▶ _SUPPLIED ENTRIES_:
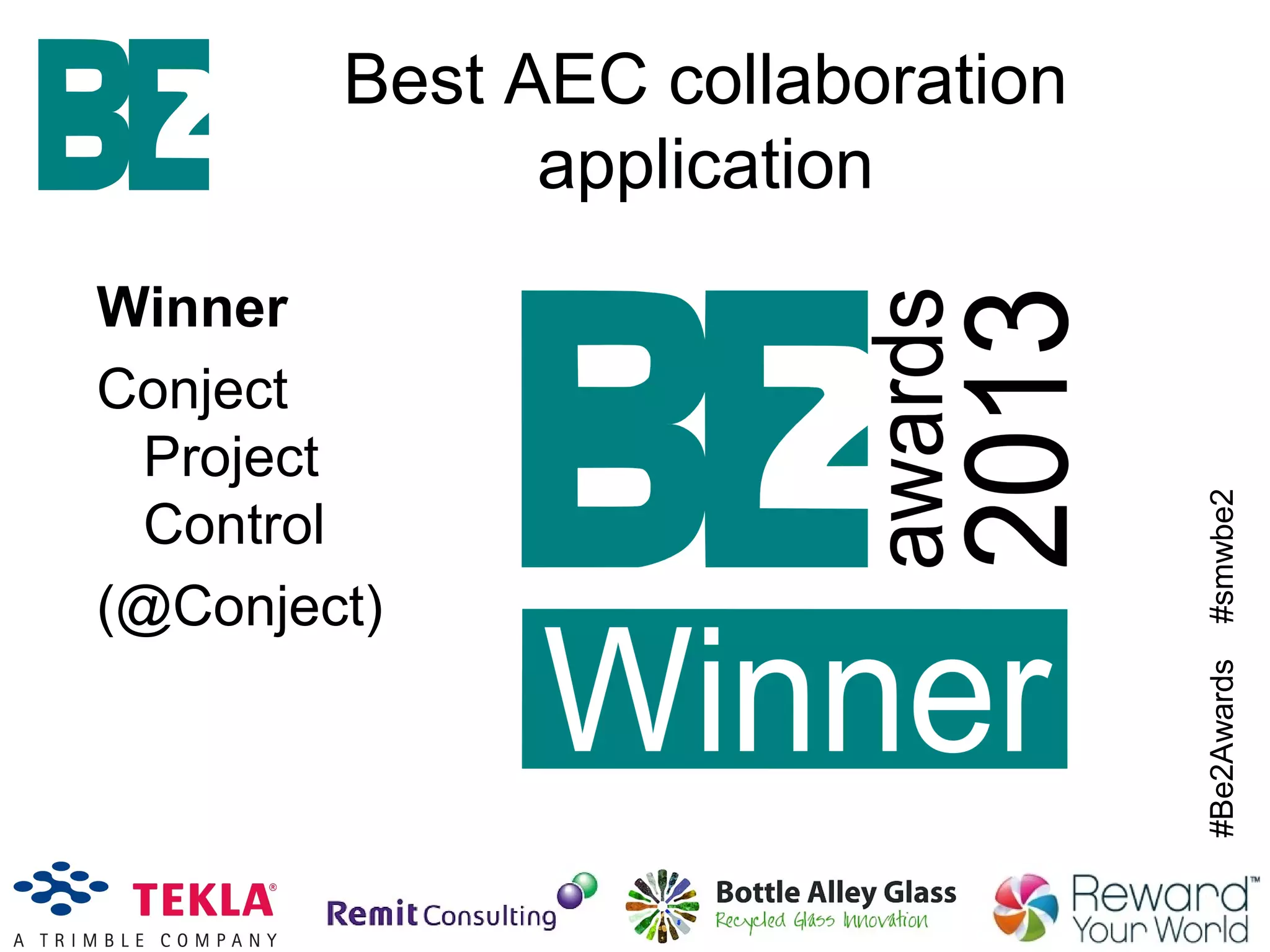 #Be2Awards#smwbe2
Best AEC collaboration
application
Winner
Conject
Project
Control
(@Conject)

...

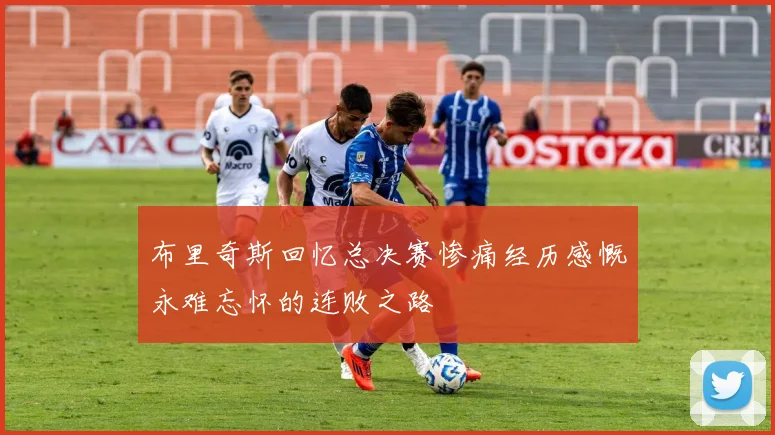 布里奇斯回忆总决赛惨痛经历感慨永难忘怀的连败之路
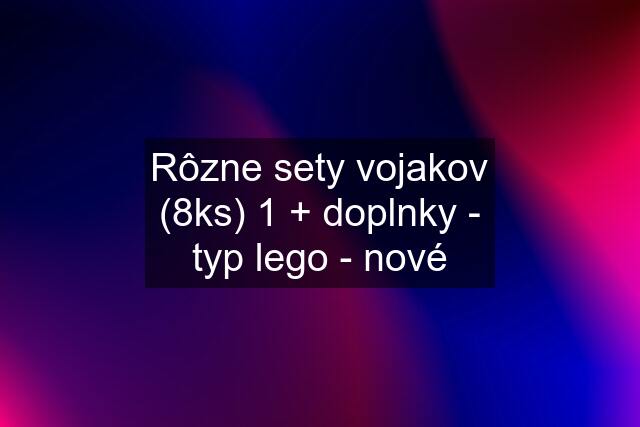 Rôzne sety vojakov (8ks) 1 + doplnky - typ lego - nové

...

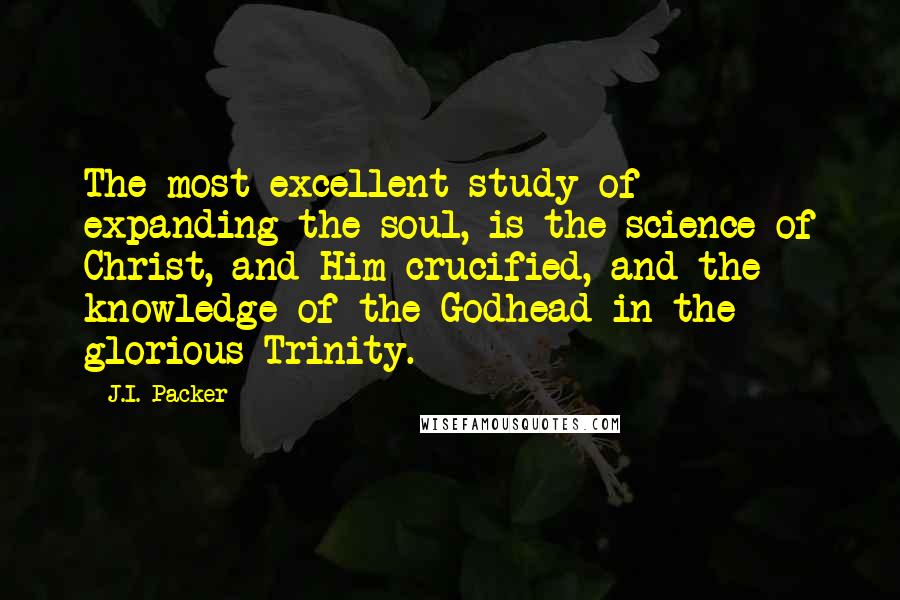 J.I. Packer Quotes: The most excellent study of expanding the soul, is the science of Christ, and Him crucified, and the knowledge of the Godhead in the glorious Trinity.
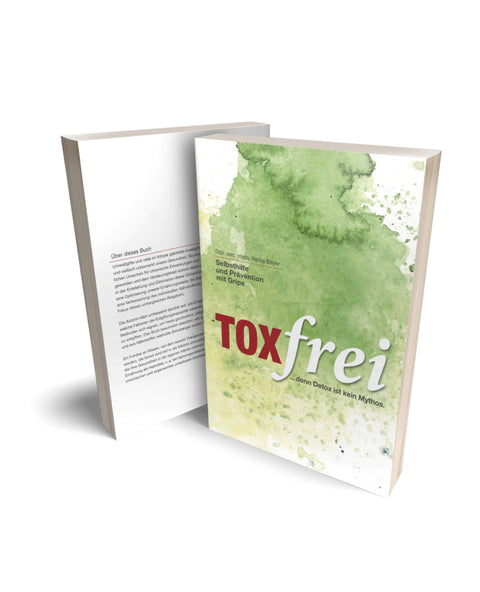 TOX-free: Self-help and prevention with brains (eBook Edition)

▶ _TASK STATEMENT_: In the data above, the stretch from the line with "J.I. Packer Quotes: The" through the line with "TOX-free: Self-help and" is to be returned exactly, minus any pictures.

▶ _EXPECTED ANSWER_:
 J.I. Packer Quotes: The most excellent study of expanding the soul, is the science of Christ, and Him crucified, and the knowledge of the Godhead in the glorious Trinity.
 TOX-free: Self-help and prevention with brains (eBook Edition)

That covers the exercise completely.